Pero pronto comprendieron que semejante posibilidad nunca habría existido.
No solo porque tantos años de vida cómoda habían destruido su cautela y sensibilidad básicas.
También porque, desde el momento en que aquellos idiotas de Wan Tong utilizaron el mecanismo para enviar a Liu Qingzhi hasta allí, ambos hermanos estaban destinados a terminar mal.
¡Maldito Wan Tong!
En aquel momento, un resentimiento intenso surgió dentro de Fan San y Fan Si. Deseaban poder apuñalar cientos, incluso miles de veces a Wan Tong y a los demás.
Lo que todavía no comprendían era que una muerte inmediata habría sido, en realidad, la salida más fácil.

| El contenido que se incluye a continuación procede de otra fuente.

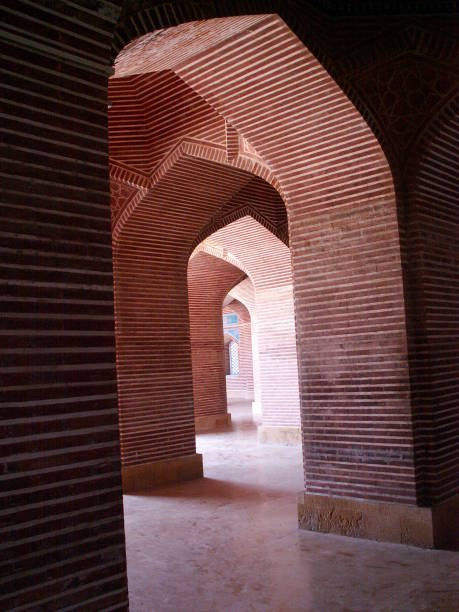istock Shah Jahan Mosque Thatta Pakistan 1333763240
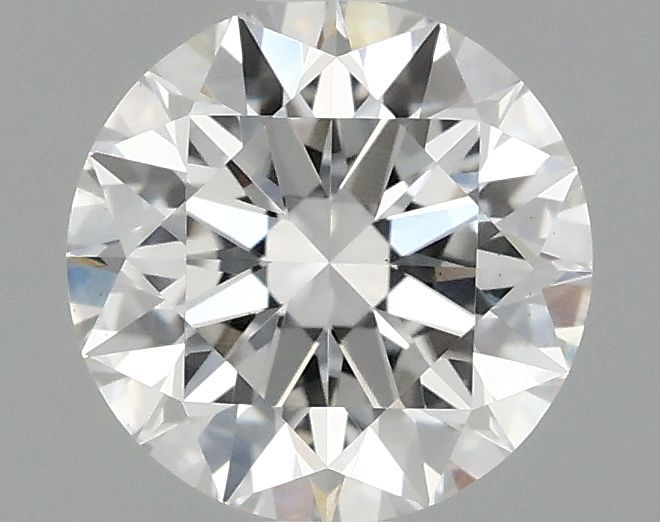 1.06 ct. round Lab Grown Diamond front image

No fue hasta que vieron a los empleados que Jiang Jing había liberado detrás de él que se dieron cuenta bruscamente de algo.
Los dos comenzaron a retroceder aterrorizados.
Pero ¿cómo podía arrastrarse un cuerpo sin piernas a la velocidad de alguien que caminaba?
Fan San y Fan Si apenas habían conseguido moverse unos pasos cuando quedaron rodeados por las personas a las que ellos mismos habían torturado.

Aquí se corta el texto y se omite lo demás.